YOUR TASK
After locating "张玉宁：球迷如果只是发泄情绪可以理解，但人身攻击没任何好处", return its line and all lines that follow through the end of the listing below, exactly; leave out pictures.

BEGIN THE DATA

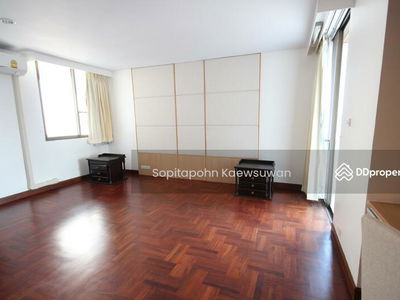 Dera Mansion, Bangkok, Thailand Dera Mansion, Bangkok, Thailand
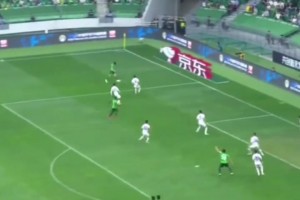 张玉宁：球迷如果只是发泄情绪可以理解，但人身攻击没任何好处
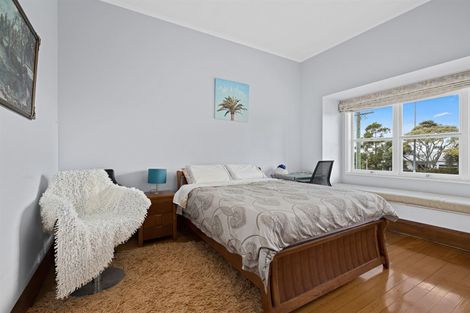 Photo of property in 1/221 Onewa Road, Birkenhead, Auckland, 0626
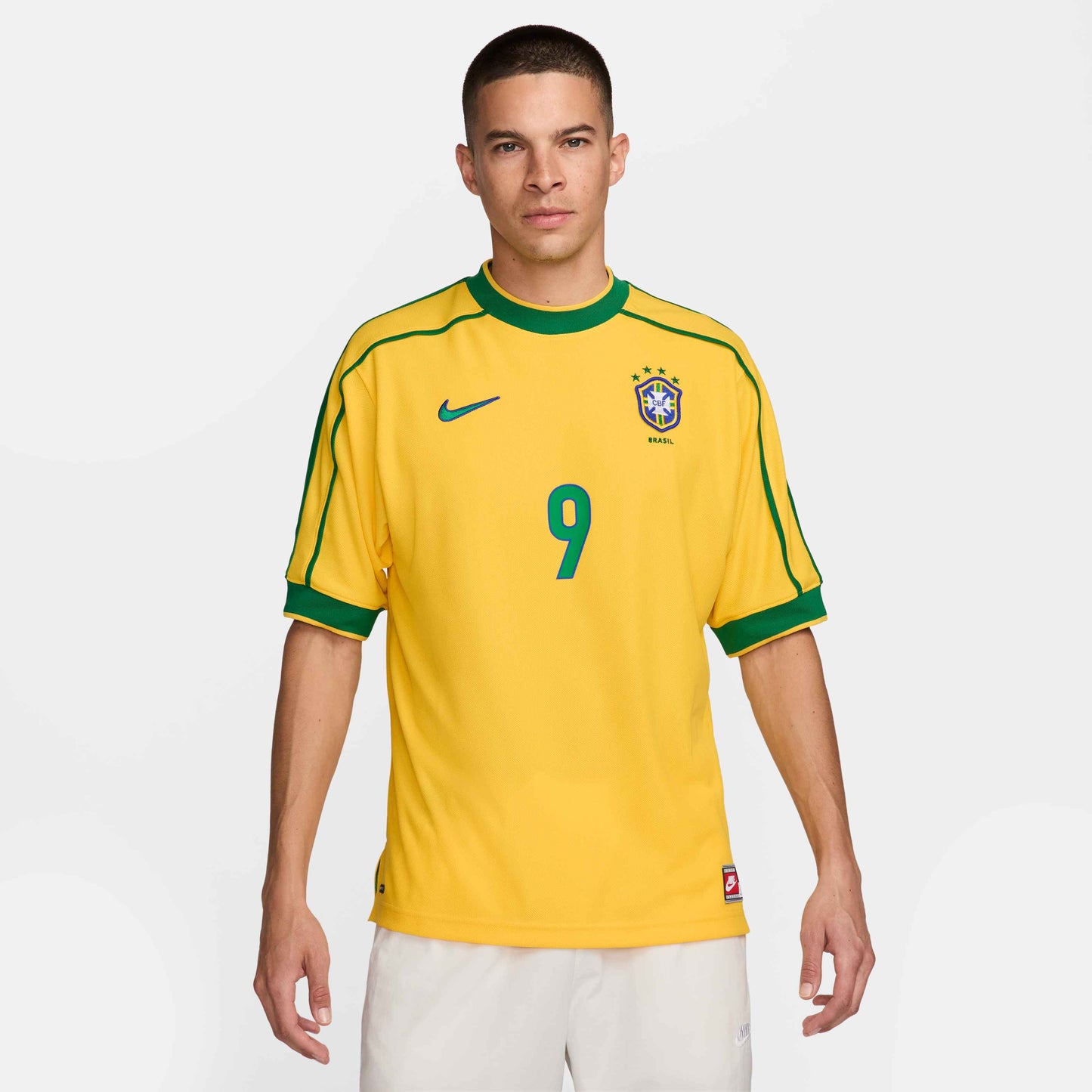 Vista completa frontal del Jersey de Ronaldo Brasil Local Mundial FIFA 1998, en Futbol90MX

END THE DATA

TASK OUTPUT
 张玉宁：球迷如果只是发泄情绪可以理解，但人身攻击没任何好处
 Photo of property in 1/221 Onewa Road, Birkenhead, Auckland, 0626
 Vista completa frontal del Jersey de Ronaldo Brasil Local Mundial FIFA 1998, en Futbol90MX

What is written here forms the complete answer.